=== Exercise description ===
Among the lines of the listing below, retype exactly those from the one containing "浙江省塑料制品產(chǎn)量分月（當(dāng)月值）統(tǒng)計" through the one containing "无线宽带路由器安装流程（简单易行的无线宽带路由器安装指南）", both included. Do not include pictures.

Given records: Begin

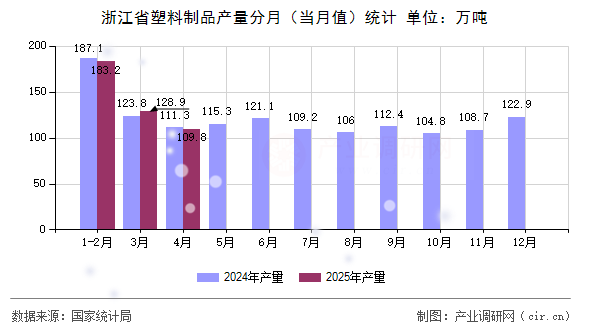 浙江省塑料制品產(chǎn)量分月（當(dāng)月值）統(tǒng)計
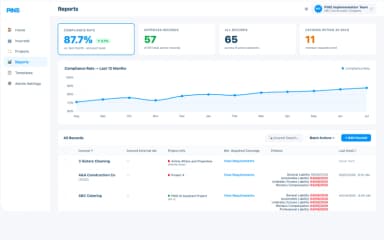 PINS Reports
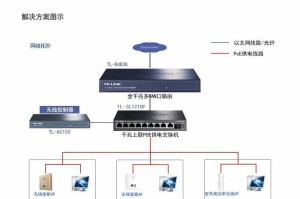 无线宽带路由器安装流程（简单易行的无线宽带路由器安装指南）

Given records: End
Given records: Begin

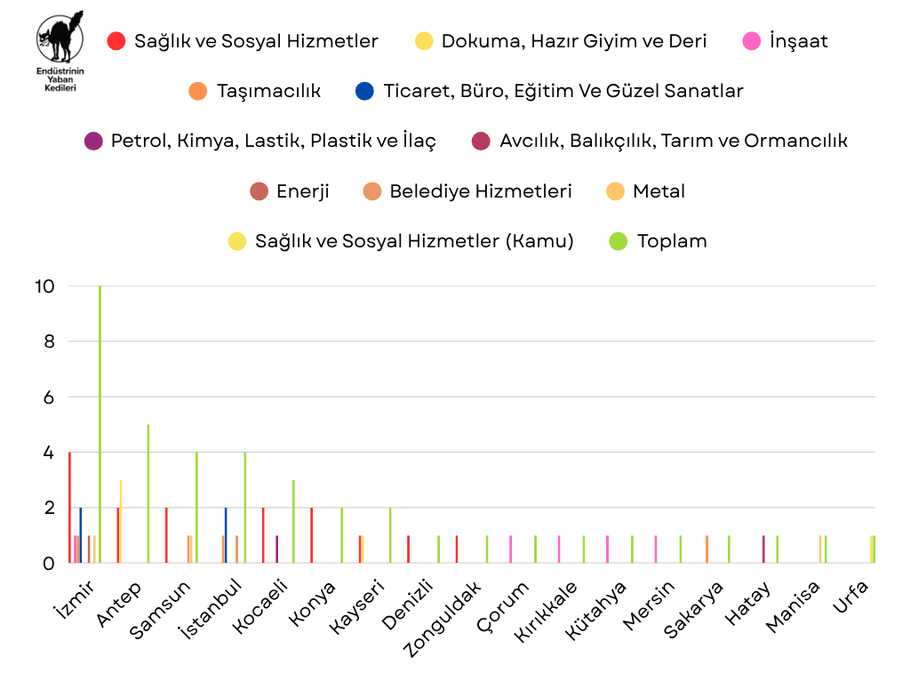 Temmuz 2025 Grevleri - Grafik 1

Given records: End

=== Answer for the task ===
 浙江省塑料制品產(chǎn)量分月（當(dāng)月值）統(tǒng)計
 PINS Reports
 无线宽带路由器安装流程（简单易行的无线宽带路由器安装指南）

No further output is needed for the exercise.